As the leader of the group you must learn to exercise your power wisely. Keep your message simple, let them know through your behaviour that you believe in what you are doing, and that you will defend your position. My advice to anyone in a leadership position is to be firm, fair and friendly. Never take your responsibility as the leader of the room for granted, and always try to demonstrate the same respect for your charges that you expect for yourself. Keep in mind that you can’t control kids, you can only manage them. If they start to rebel, you need to own their respect, otherwise, they'll walk all over you.
Students need to know that they can trust you to act in an appropriate capacity at all times. If you set the rules, and then allow students to step too far outside the boundaries, then you must be prepared address the issue appropriately. For example, they need to know that when faced with confrontation, you are always prepared to take the challenge to a level to which they are not prepared to go. It's a classic case of power perceived is power achieved.
A common question most teachers ask each other in the first week of a new semester is How are your classes? Most of us say something like Oh, they're great! Personally, I always say "It's too soon to tell." Most classes I have taught are pretty well behaved for the first two weeks, and then someone will want to test the rules, and my resolve to enforce them.

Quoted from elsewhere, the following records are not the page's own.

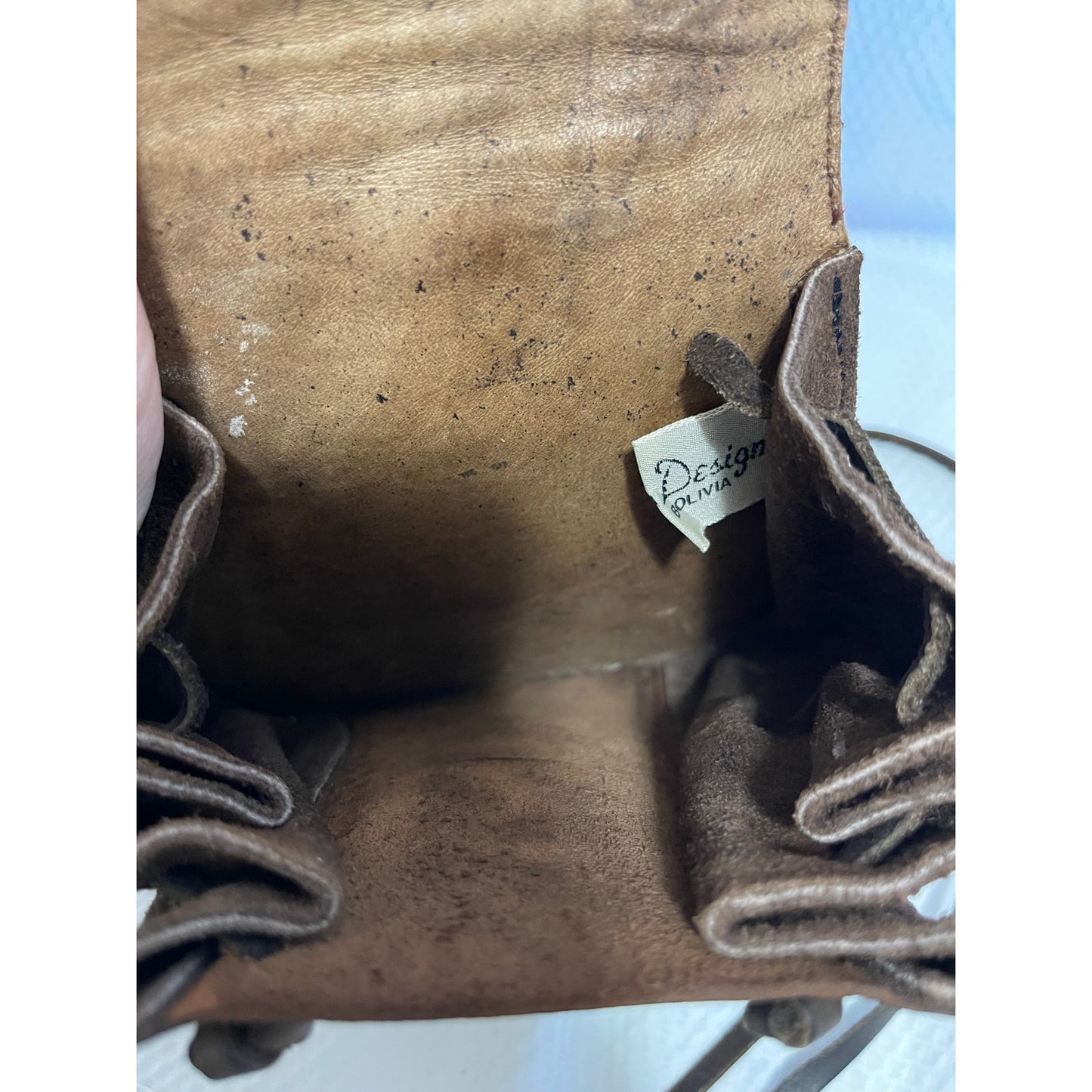 Vintage Leather Aliento Design Bolivian Satchel Bag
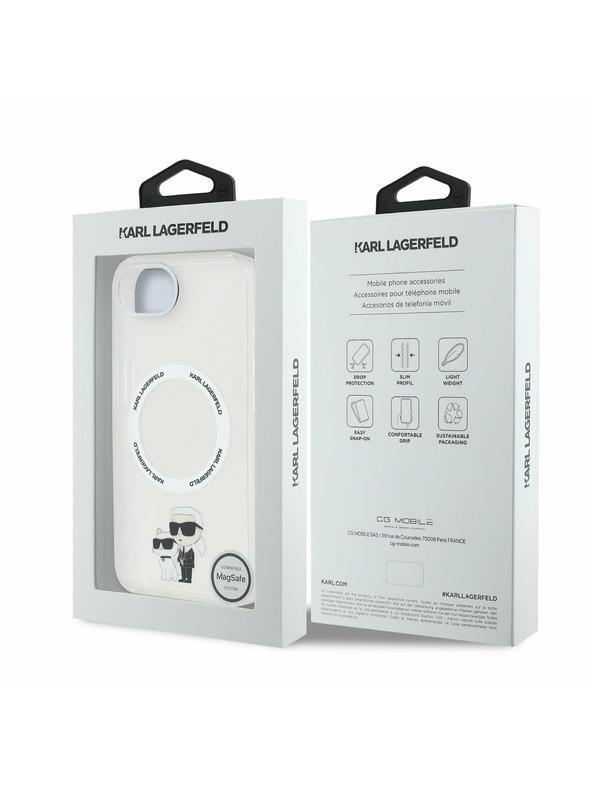 Karl Lagerfeld Karl Lagerfeld IML Karl and Choupette MagSafe Hátlap iPhone 16e-hez Transparent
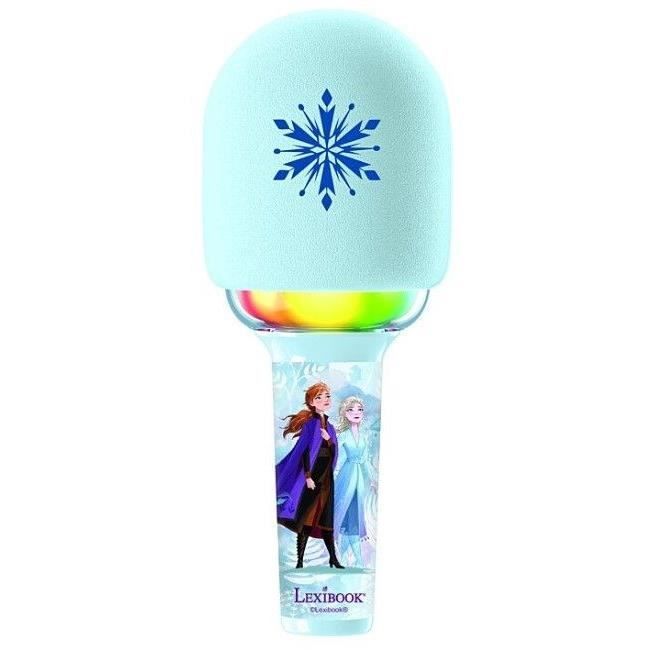 Lexibook - Microphone Karaoke Reine Des Neiges - 3 Modes Et 4 Effets Sur La Voix - Recharge USB-C - Bluetooth Sans Fil
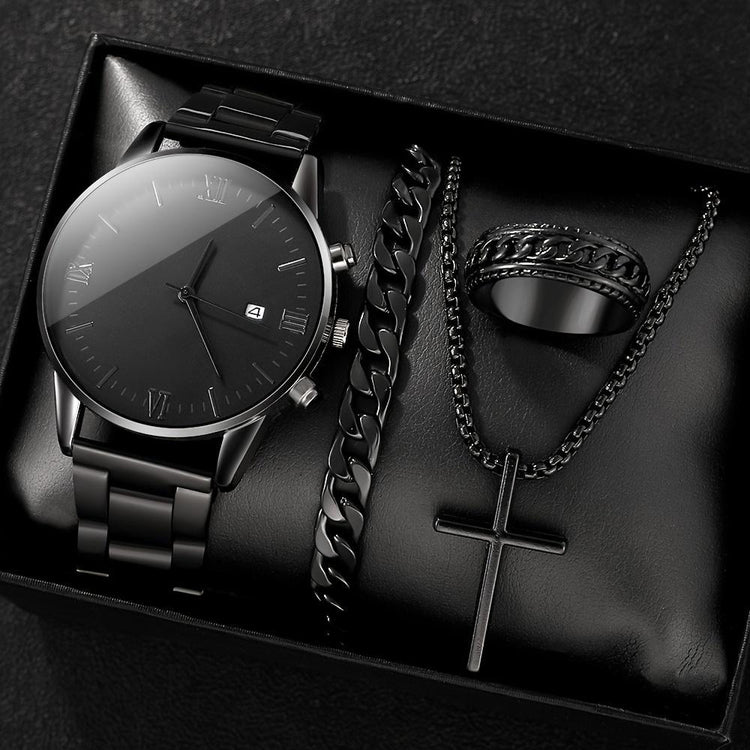 Quartz watch set with silver-tone watch, link bracelet, cross necklace, and dark ring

This is a pivotal moment for your leadership. The way you handle this first situation is an advertisement of your metal. The kids will sit back, and watch how you deal with the challenge, Does she lose it?, Will he back down? etc..
I have a system I follow, and always recommend to student teachers. When, I experience challenges to my authority in the classroom, I do this: acknowledge the infraction with my eyes, and facial expression, then three calm vocal reprimands, then I ask them to leave the room in an effort to remove their fuel source. Once I have them in the hall, I calmly dissect the nature of their infraction. If we resolve the problem here, I insist on a hand shake to solidify the deal.
If the challenge escalates, I send them to the office to dealt with by a V.P. (some V.P.s have stopped doing this part of their job.) If the problem persists, I will call home, and ask for parental support. If this doesn't stop the problem, then I fill out the government created reporting forms for behavioural infractions. Each step requires that the student understands, you will take it to a place they don't want to go. Believe me, the way you deal with these situations hits the airwaves in a hurry, and your reputation is known through out the school within a very brief period. Bad new travels like a wild fire, and good news travels slow.
As a classroom teacher I have learned some very valuable lessons in politics of leadership. The first is that you are in charge of the room, and almost every event in it. Consequently, you need to exercise your power with decisive, and balanced speed at all times. If students think you are not in charge, your leadership is under threat, and so is the safety of your students. You need to understand the idea that power perceived is power achieved, and once you have that power, act in a firm, fair and friendly manner. You can teach the democratic process to your class as a lesson, but in the end, even that lesson is usually a product of a dictator.